Ebû Eyyûb’un Medîne’de iki katlı bir evi vardı.
Resûlullah sallallahu aleyhi ve sellem, hicret edince alt katta ikâmet etmeye başladı. Ebû Eyyûb ve hanımı bu durumdan rahatsız oldular. Habîbullâh ve Fahr-i Kâinât alt katta otursun, biz de üst katta oturalım! diyerek hiç uyumadan sabahladılar.
Sabah olunca: “Yâ Resûlallah! Yukarı kata teşrif buyurun. Sabaha kadar yüce zâtınıza tâzim ve saygıdan dolayı uyuyamadık.” dediler.
Peygamberimiz: “Beni ziyârete gelenler çok olur!” dedi ve üst kata çıkmadı.
Resûlullah şöyle duâ buyurdu: “Yâ Hâlid! Yüce Hak seni dünyâ ve âhirette muazzez, mükerrem ve muhterem eylesin.”

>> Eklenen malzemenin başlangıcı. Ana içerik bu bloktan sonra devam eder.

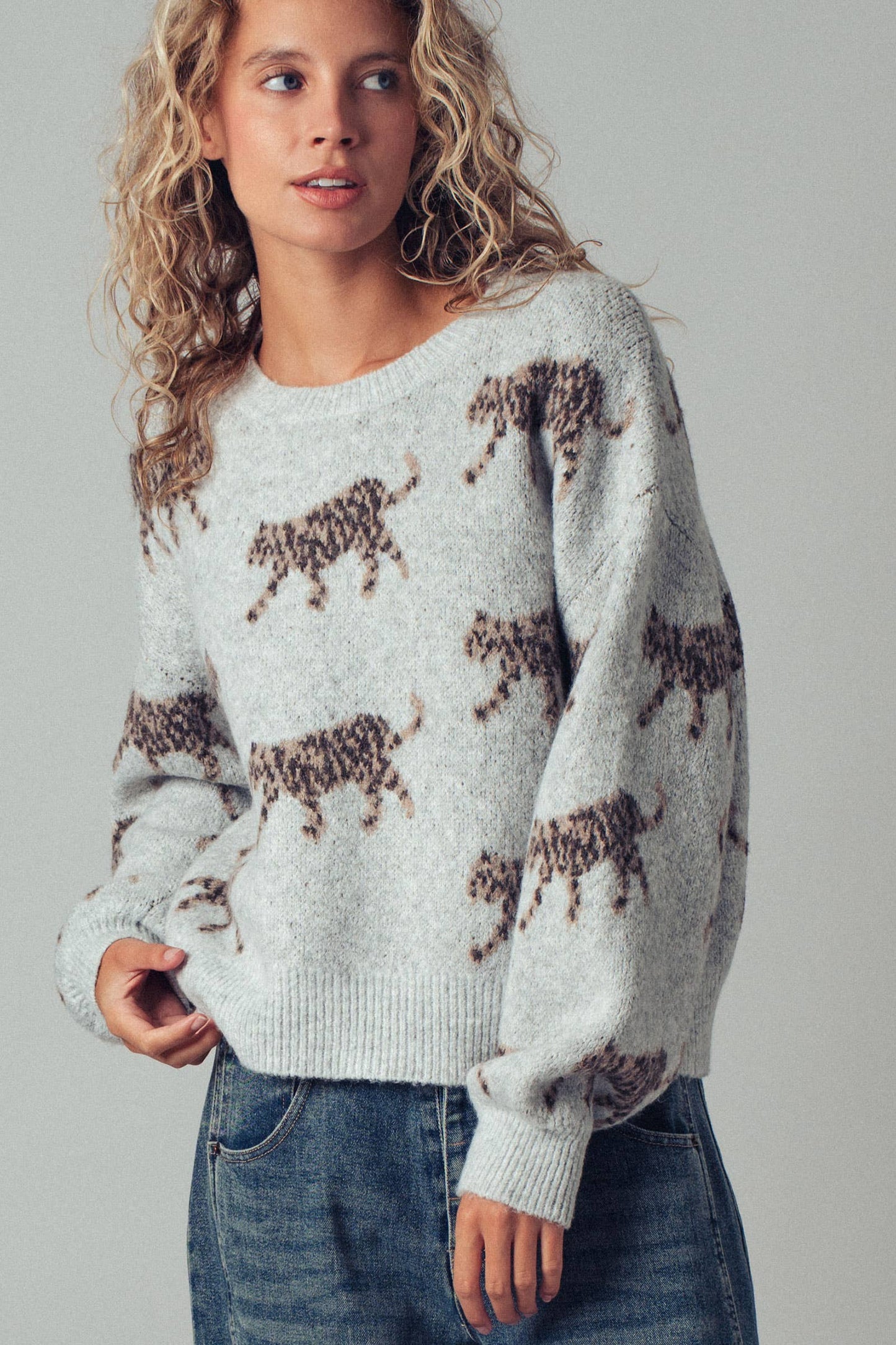 Urban Daizy - Playful Leopard Knit Crewneck Sweater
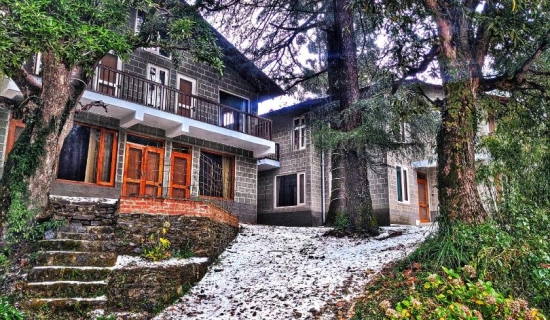 Nainital Holi Tour Packages
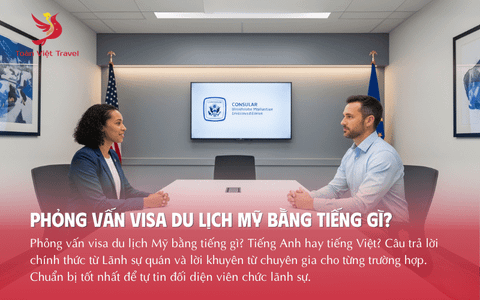 Phỏng vấn visa du lịch Mỹ bằng tiếng gì? Trả lời thẳng từ Chuyên gia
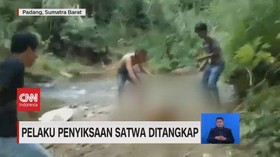 VIDEO: Pelaku Penyiksaan Satwa Monyet Simpai Ditangkap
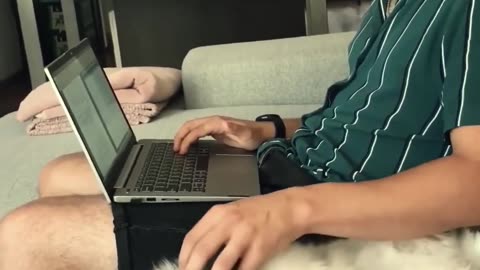 Funniest cats in the world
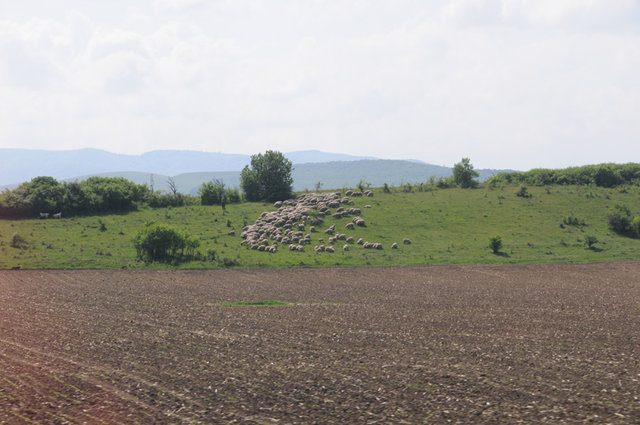 Dsc 1927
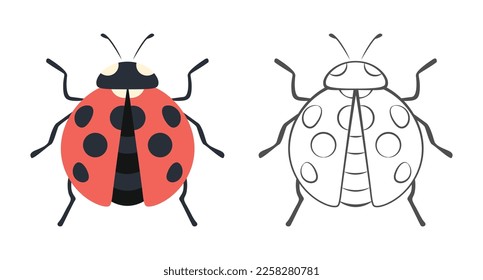 Ladybug color illustration 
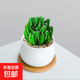 多肉植物組合小盆栽辦公室桌面仙人掌仙人球水培綠植花卉 萬(wàn)重山+小米陶瓷+土+鋪面石+竹托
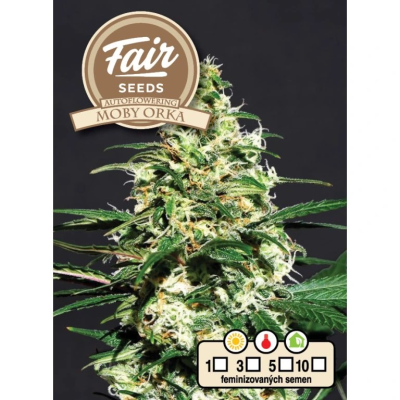 Fair Seeds - Auto Moby Orka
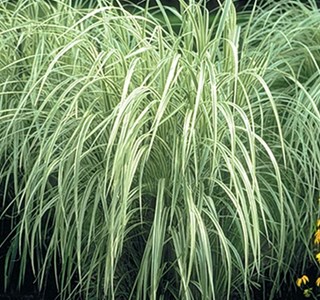 Miscanthus variegatus 5 l 0-120 cm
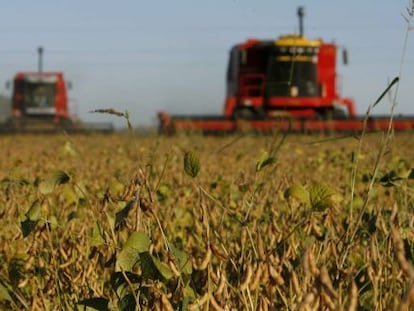 Plantação de soja na localidade de Olivera, Argentina.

Bu duâ hürmetine Hz. Hâlid bin Zeyd’e gösterilen saygı hiçbir Sahâbe’ye gösterilmedi. Peygamberimiz sallallâhu aleyhi ve sellem, Ebû Eyyûb’un (Hâlid bin Zeyd’in) evinde yedi ay misâfir kaldı.
Mihmandâr-ı Nebevî (Peygamber sallallâhu aleyhi ve sellemi evine misâfir eden) Ebû Eyyûb anlatıyor: Sevgili Nebîmiz aleyhissalâtü vesselâm hânemde kalırken, peygamberimiz ve Hz.Ebû Bekir’e yetecek kadar iki kişilik yemek hazırladım.
Peygamberimiz: “Ensâr’ın ileri gelenlerinden otuz kişi çağır, diye bana fermân etti.
Otuz adam geldiler ve yediler. Sonra, “Altmış kişi daha çağır.” diye emretti.
Altmış kişi daha dâvet ettim. Onlar da gelip yediler ve doydular.
Sonra, “Yetmiş kişi daha çağır.” buyurdu.
Yetmiş kişi daha çağırdım. Onlar da gelip yediler ve doydular.
Bu şekilde toplam yüz seksen kişi çağırdım ve hepsi gelip tok oluncaya kadar yediler. İki kişilik taâm yüz seksen kişiye kâfi geldi. Hattâ kaplarda da yemekler arttı.
Bu mu’cize karşısında gelenlerin tamâmı İslâmiyete girip bîat ettiler.
Îman, İslâm, ihlâs, istikâmet üzere kalınız.